Musical complaints and the freedom of capitalism
![]() |
China has a new popular musician, Zhou Yunpeng. I first found him and listened to his music on
China Digital Times His music is tender and sweet, his translated lyrics are compelling social commentary.
Don’t be a child of Karamay, you would burn your skin and make a mother’s heart ache
Don’t be a child of Shalan town, you wouldn’t fall asleep under the inky black water
Don’t be a child of Chengdu parents, a drug addicted mother doesn’t go home for seven days and nights
Don’t be a child of Henan parents, AIDS in the blood laughs out loud
Don’t be a child of Shanxi parents, your father would become a basket of coal and you would never see him again
Don’t be a child of Chinese, when they starve they would eat you
They’re worse than the old goat in the wilderness, whose eyes might become aggressive to protect their little ones
Don’t be a child of Chinese, the parents are all too weak
To prove their hearts are as hard as iron and stone, when death is imminent, they save their leaders first.

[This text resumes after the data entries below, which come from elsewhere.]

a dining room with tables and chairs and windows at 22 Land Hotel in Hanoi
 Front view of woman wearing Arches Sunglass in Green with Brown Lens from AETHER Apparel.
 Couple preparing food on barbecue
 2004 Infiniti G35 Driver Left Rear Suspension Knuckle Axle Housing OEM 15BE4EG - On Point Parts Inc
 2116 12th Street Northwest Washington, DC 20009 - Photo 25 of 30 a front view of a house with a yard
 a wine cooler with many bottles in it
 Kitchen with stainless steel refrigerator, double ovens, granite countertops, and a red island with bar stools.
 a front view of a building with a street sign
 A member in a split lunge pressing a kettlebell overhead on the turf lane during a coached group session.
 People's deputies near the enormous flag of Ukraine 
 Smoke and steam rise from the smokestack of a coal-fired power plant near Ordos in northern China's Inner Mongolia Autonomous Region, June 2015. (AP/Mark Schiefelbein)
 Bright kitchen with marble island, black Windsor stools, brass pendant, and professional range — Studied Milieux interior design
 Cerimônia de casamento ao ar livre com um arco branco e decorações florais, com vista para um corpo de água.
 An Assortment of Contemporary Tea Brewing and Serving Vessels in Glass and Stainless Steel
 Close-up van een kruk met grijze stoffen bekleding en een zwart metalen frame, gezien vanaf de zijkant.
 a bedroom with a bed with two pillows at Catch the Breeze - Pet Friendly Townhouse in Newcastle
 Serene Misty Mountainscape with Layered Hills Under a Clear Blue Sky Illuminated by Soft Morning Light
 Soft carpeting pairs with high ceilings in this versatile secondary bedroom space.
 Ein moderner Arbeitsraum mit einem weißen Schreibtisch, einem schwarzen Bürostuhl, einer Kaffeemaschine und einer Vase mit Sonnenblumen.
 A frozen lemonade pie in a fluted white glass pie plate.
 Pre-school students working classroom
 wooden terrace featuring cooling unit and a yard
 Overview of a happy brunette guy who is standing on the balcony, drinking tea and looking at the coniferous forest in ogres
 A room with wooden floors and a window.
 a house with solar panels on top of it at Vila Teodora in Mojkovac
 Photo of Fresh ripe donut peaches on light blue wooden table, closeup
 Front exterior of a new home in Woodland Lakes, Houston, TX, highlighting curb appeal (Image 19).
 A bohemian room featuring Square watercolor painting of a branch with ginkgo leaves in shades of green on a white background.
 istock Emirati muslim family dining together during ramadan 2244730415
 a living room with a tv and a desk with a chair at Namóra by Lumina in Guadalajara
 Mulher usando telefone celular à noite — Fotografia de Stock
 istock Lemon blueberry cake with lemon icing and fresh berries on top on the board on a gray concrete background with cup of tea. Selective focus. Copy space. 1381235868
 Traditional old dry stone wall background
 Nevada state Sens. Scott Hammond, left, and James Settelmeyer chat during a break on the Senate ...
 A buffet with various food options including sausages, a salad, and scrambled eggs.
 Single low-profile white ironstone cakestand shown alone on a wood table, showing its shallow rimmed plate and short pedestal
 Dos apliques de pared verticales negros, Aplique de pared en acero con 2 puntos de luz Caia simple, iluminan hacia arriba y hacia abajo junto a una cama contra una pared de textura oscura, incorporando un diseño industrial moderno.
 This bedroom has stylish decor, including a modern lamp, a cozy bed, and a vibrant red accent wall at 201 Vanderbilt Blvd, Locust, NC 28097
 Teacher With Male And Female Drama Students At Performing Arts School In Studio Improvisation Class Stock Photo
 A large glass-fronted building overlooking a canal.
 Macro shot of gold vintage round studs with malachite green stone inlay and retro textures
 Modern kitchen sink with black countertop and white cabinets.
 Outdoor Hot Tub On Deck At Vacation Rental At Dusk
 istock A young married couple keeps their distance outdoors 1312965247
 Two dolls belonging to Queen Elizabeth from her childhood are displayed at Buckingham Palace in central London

The underlined phrases link to news articles about these tragedies, some in English, some in Chinese. It's news that will keep you awake at night, but the fact that this musician is protesting these events is good news. Dissent is vital to every nation and a wonderful sign of openness in China.
Shortly after I discovered Zhou Yunpeng on CDT, I was pleased to hear a report about him on Public Radio International.
Journalist Mary Kay Magistad attended one of Zhou's performances in a Beijing bar. She reports, Before singing, Zhou swings back his long black hair and quips, "a prosperous society is a strong tiger; the voice of the tiger reflects the glory of the state." Then he began a song sung to the tune of Frere Jacques, a tune also used for a Chinese nursery rhyme about tigers. Mary Kay reports:
The song gets more daring as it goes along - and then his tigers attacks a sacred cow. He says the Olympics are like a tiger's back-side, don't dare touch it! Only he uses a stronger word for back-side. The crowd eats it up. . . .
Zhou says he doesn't buy all this talk about the Olympics being a coming out party, a chance to show the world how far China has come.
"I think it probably doesn't matter if you want to show yourself to the world or not, because if people's lives are better and if people have freedom of expression and people have a free life, this would be the best show to the world. The honor of the state is reflected in ordinary people's lives."
And it's ordinary people's lives that Zhou sings about - the people who struggle, amidst China's modern glitz - people, he says, like himself.
In another song called, "Buying a House," Zhou complains, "Now I must work hard to pay it off. Even if the sky collapses or the earth sinks, I have to work. Even if the sea dries and the stones rot, I have to work.
My heart is with you on this, dear Zhou. My own personal mortgage won't be paid off until I am 84 years old. It's a crazy kind of freedom that comes with capitalism.